== Task ==
Lines from the one containing "Münze aus Italien" through the final line of the records below are needed, copied exactly, with no pictures.

(Pictures with short captions)
—————

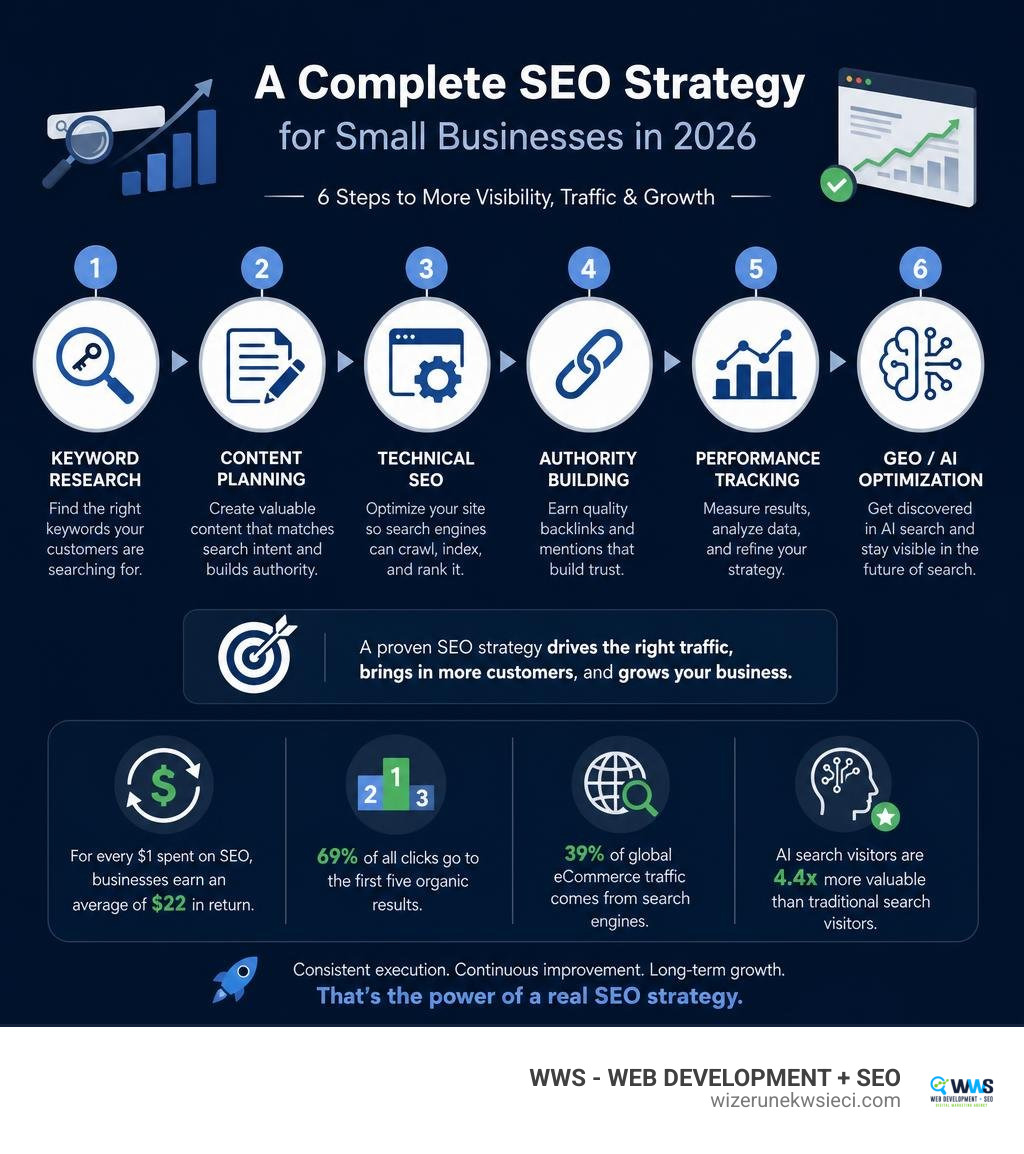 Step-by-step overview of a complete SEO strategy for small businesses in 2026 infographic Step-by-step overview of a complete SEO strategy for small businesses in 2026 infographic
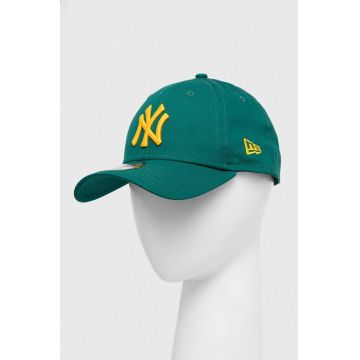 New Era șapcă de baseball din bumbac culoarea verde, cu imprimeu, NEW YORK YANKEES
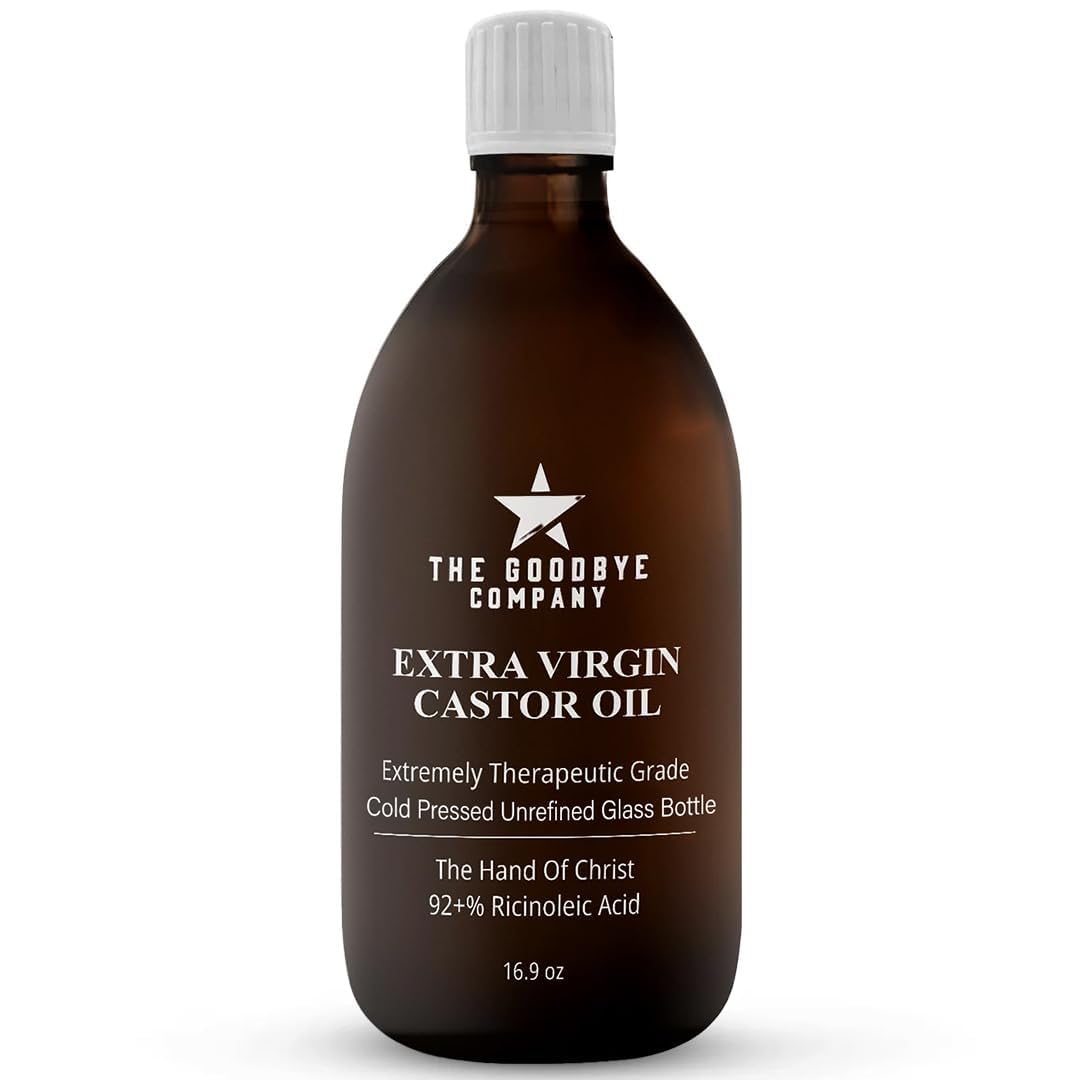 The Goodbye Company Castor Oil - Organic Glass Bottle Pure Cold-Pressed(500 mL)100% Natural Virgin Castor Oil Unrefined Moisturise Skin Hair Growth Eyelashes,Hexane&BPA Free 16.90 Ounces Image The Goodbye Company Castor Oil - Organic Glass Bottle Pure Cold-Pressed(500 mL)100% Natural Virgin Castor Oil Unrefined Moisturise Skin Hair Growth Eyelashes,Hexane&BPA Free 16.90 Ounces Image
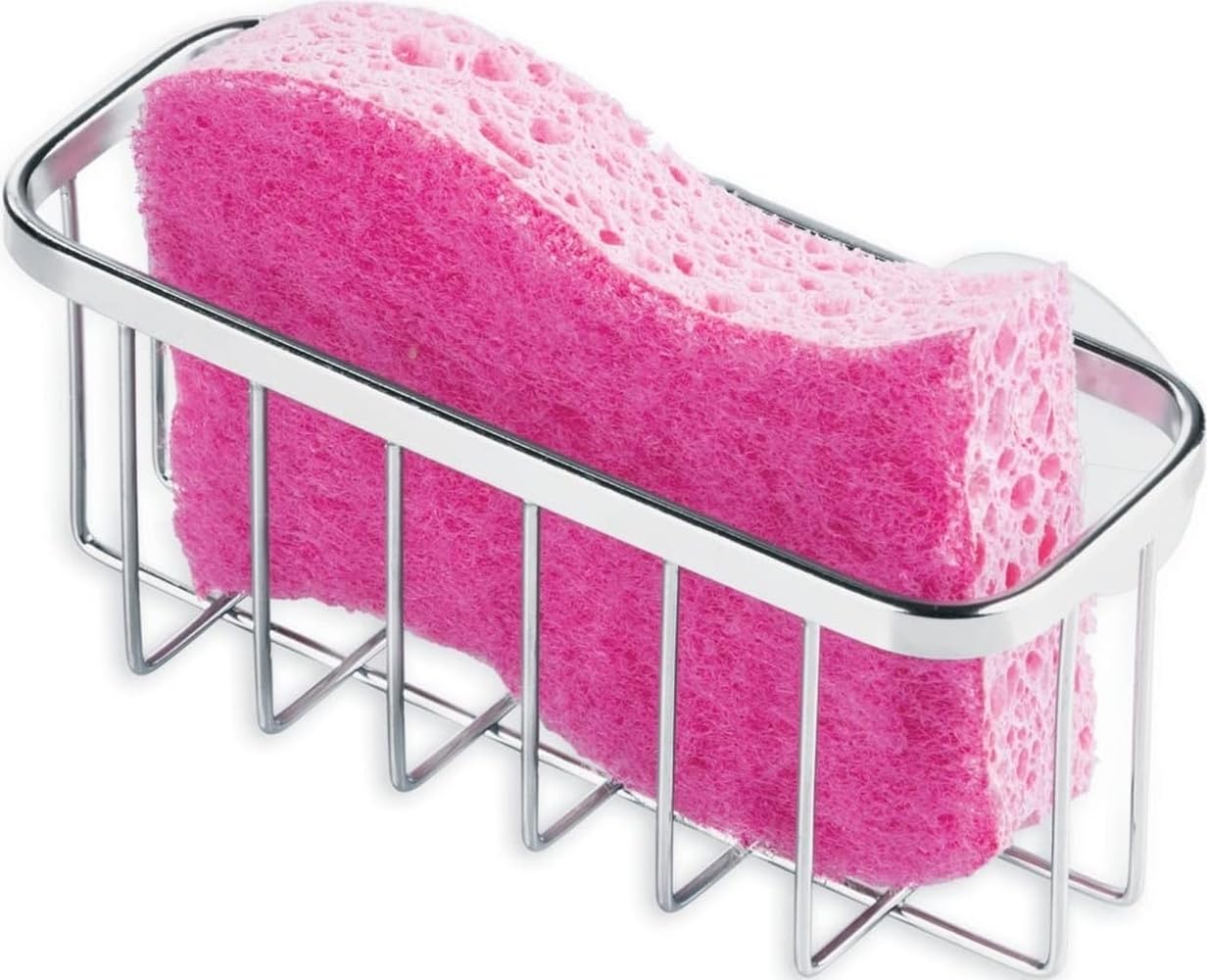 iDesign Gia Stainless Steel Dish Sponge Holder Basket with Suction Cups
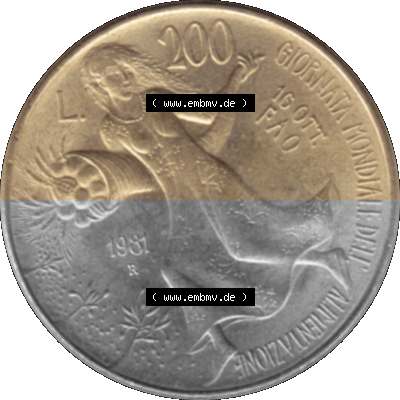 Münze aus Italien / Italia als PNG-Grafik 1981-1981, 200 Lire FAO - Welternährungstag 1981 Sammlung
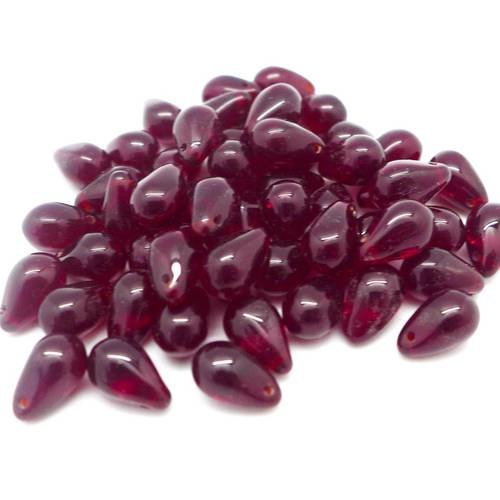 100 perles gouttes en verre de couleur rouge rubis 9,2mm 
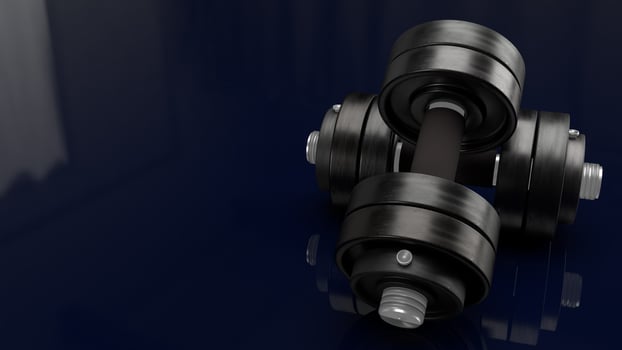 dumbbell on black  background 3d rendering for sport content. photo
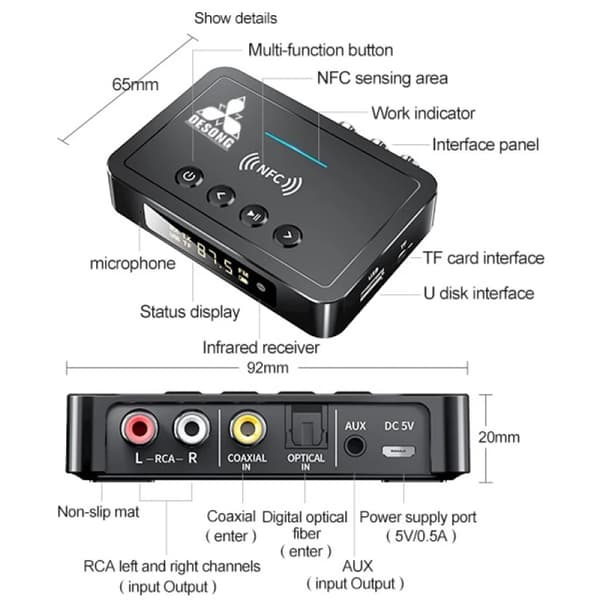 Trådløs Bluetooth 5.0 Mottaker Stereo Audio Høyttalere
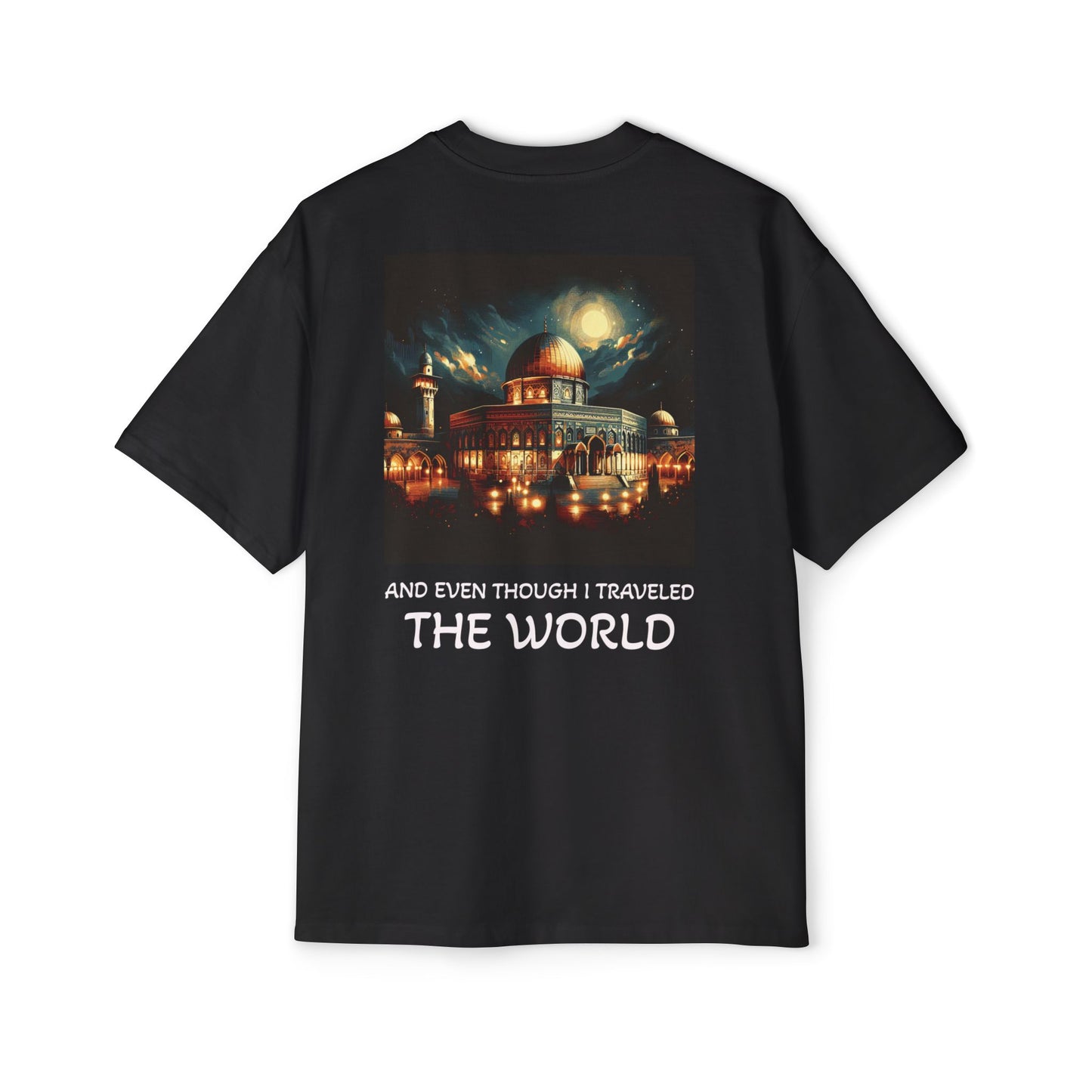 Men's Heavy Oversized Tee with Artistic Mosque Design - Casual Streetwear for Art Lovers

—————

== Task result ==
 Münze aus Italien / Italia als PNG-Grafik 1981-1981, 200 Lire FAO - Welternährungstag 1981 Sammlung
 100 perles gouttes en verre de couleur rouge rubis 9,2mm 
 dumbbell on black  background 3d rendering for sport content. photo
 Trådløs Bluetooth 5.0 Mottaker Stereo Audio Høyttalere
 Men's Heavy Oversized Tee with Artistic Mosque Design - Casual Streetwear for Art Lovers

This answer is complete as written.